YOUR TASK ▸ Word for word, transcribe the data below from the line with "Gibson Custom Shop" to the line with "Fucken Christ, Kyle", keeping both of those lines.

RECORDS TO PROCESS ▸
*** Block opens ***

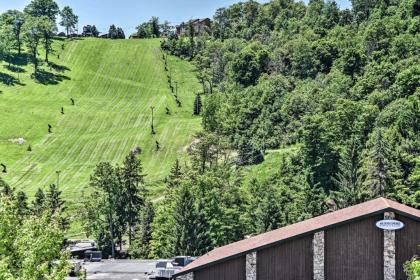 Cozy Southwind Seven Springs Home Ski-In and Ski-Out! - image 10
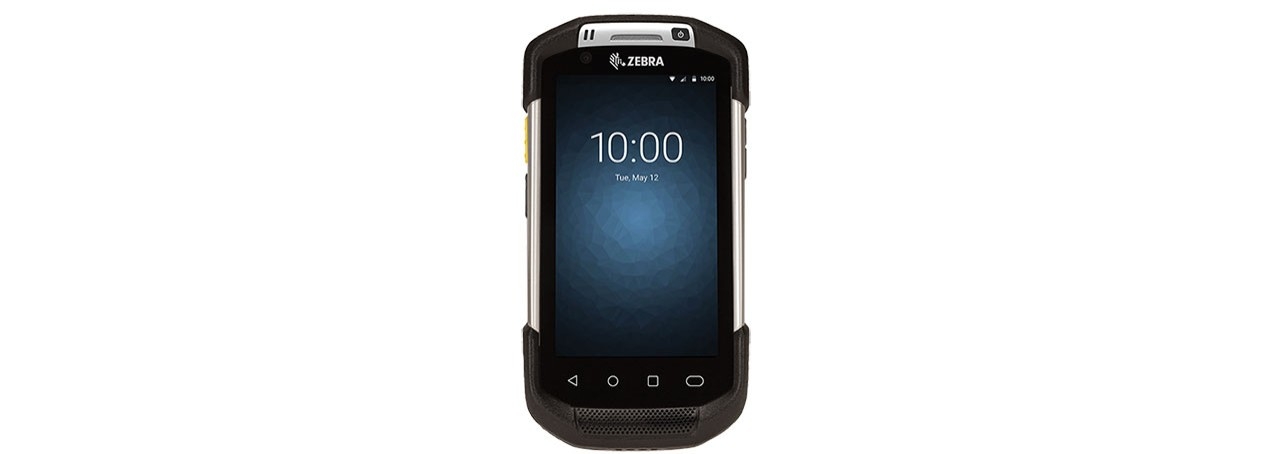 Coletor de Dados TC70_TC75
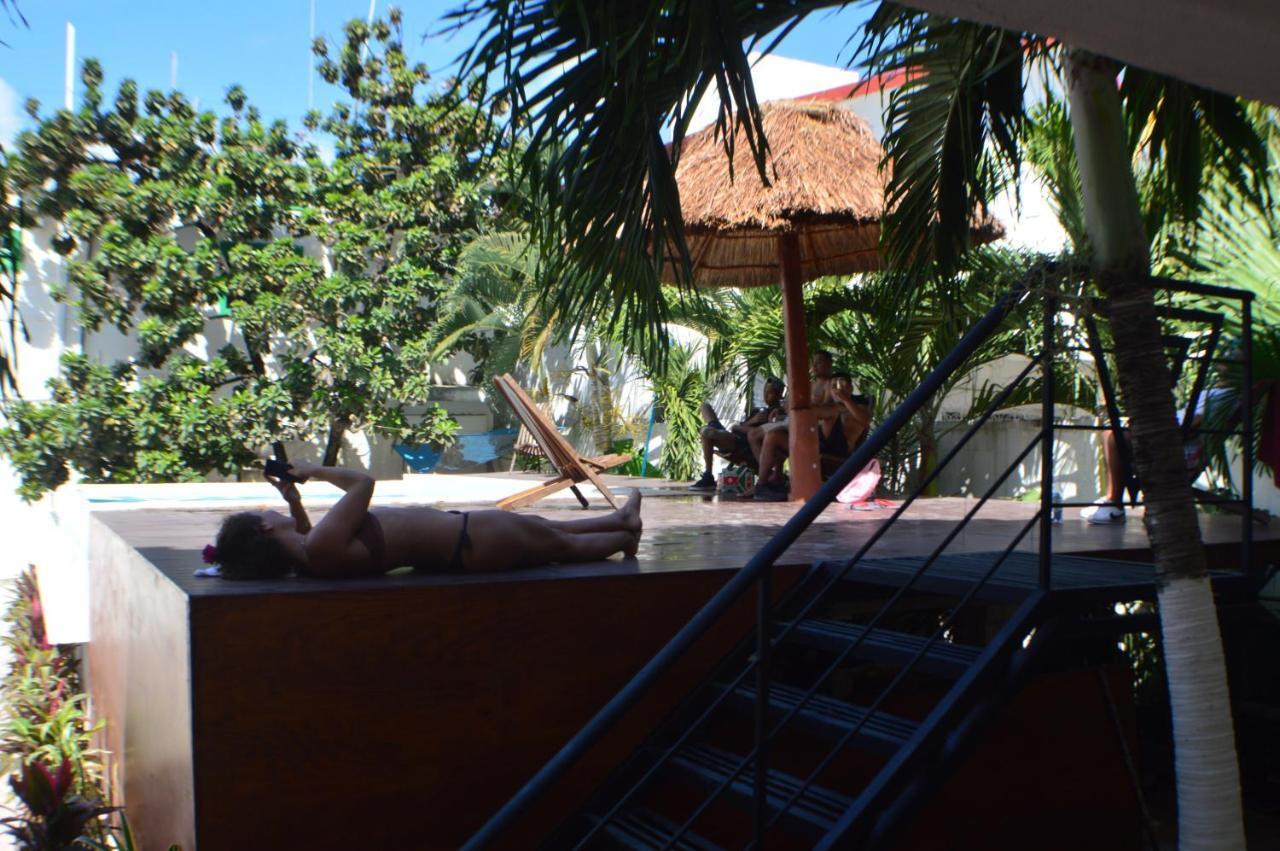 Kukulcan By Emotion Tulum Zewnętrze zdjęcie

*** Block closes ***
*** Block opens ***

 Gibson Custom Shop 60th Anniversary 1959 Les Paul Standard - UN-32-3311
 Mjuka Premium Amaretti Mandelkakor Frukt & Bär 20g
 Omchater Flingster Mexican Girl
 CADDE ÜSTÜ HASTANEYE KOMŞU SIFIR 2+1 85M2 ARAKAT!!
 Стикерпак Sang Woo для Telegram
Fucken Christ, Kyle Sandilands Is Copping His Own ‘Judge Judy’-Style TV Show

*** Block closes ***

REPLY ▸
 Gibson Custom Shop 60th Anniversary 1959 Les Paul Standard - UN-32-3311
 Mjuka Premium Amaretti Mandelkakor Frukt & Bär 20g
 Omchater Flingster Mexican Girl
 CADDE ÜSTÜ HASTANEYE KOMŞU SIFIR 2+1 85M2 ARAKAT!!
 Стикерпак Sang Woo для Telegram
Fucken Christ, Kyle Sandilands Is Copping His Own ‘Judge Judy’-Style TV Show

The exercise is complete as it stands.